Sick spoon, brah. |
Regardless of having never played the sport, preparing a High School athlete for their season is not rocket science. Make them bigger, stronger and faster and you have succeed. Throw in some injury prevention and you're golden. Sounds like what every High School kid wants, right?
If you guessed yes, you guessed wrong. Getting these high school boys to subscribe to the theory of doing compound lifts and NOT bicep curls was extremely difficult. The 15 year old girl I trained bought into it nearly immediately, but not the boys. They have such a hard time wrapping their heads around doing something that doesn't benefit the mirror muscles. Even when an exercise DOES benefit the mirror muscles, they want to do something else. Pushups? No way, can't we bench?

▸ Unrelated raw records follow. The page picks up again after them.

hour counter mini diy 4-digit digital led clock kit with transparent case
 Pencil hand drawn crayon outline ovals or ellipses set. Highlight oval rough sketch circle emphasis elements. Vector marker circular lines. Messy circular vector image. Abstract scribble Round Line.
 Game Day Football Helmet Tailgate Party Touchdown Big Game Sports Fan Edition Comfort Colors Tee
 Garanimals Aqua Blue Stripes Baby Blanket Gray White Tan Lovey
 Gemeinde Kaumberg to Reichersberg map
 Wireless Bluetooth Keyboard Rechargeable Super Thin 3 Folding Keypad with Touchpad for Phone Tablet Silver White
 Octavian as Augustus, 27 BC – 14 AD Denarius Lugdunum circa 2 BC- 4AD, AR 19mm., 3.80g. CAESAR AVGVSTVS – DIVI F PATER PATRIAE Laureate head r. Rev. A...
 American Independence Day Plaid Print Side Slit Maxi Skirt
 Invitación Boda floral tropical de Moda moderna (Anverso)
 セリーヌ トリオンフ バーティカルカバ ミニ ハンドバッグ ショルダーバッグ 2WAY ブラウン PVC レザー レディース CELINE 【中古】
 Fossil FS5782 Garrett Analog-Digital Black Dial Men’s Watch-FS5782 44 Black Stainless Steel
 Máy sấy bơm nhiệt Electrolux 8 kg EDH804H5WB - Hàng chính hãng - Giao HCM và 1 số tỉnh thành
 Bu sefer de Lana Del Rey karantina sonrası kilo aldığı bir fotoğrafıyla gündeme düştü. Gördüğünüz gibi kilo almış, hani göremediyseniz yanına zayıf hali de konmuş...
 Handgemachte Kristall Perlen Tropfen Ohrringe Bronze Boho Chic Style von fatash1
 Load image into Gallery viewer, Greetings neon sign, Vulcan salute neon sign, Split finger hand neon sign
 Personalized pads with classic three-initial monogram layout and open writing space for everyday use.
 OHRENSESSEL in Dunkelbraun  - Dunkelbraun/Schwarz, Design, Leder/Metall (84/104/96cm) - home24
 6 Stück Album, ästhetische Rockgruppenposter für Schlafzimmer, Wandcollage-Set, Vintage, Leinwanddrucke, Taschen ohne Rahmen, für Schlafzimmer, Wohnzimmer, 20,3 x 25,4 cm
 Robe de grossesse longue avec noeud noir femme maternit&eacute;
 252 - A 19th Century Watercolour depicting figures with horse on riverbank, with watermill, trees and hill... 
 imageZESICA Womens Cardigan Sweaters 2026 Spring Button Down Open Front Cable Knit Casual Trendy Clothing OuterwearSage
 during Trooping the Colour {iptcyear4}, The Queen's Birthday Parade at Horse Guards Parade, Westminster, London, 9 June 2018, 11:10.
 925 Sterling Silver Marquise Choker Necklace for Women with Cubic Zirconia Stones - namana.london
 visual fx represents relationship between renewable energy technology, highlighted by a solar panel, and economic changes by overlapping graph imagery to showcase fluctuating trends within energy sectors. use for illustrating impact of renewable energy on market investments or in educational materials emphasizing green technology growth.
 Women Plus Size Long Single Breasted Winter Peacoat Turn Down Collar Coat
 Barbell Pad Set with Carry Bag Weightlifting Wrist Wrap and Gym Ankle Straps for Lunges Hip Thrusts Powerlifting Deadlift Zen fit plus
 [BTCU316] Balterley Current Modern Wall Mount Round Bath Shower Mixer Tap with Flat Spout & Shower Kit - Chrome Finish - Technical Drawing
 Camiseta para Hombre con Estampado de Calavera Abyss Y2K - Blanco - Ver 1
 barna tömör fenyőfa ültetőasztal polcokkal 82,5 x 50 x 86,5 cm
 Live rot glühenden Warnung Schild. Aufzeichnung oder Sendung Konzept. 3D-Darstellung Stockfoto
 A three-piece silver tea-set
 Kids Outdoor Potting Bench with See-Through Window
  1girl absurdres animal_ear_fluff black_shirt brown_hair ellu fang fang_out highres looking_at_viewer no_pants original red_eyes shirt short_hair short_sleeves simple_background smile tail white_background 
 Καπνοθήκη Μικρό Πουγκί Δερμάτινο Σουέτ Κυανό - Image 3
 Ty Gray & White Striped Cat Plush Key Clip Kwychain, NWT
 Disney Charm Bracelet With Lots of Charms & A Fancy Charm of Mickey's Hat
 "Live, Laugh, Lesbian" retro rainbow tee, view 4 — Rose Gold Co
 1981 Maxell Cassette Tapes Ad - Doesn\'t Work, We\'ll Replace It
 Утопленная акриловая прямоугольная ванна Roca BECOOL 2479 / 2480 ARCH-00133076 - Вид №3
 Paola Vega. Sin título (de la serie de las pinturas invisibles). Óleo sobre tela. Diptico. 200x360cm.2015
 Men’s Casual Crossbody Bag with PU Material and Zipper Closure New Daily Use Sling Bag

I can bench. YOU can't bench. YOU can't even do 10 pushups. Pullups, forget about it.
So, why is it so difficult to get High School aged boys to lift weights. I read the Cressey Performance blogs all the time, and they are constantly talking about the great results they are getting with their high school aged athletes, but the ones I see don't even want to be in the weight room. They saw off-season strength and conditioning as a completely secondary tool, something that fell way behind their interest in just playing more Lax. How do you really get a 17 year old boy to understand that sport specific skill will only take you so far? That being bigger and better than everyone on the freshman team is only going to last so long; when you make varsity, someone is going to hammer you. At some point, being 6' and 150 lbs is not going to work out for you any more.
So whats the deal? I don't get it. When I was in high school, if a bigger, stronger older guy told me what to do to get bigger, stronger and get girls to make out with me, I would've done it! Without thinking twice. Deadlifts? Making out? Done and done.
I wonder if they would do their lifts if Leryn Franco told them to?
Go lift something heavy. Do it for Leryn!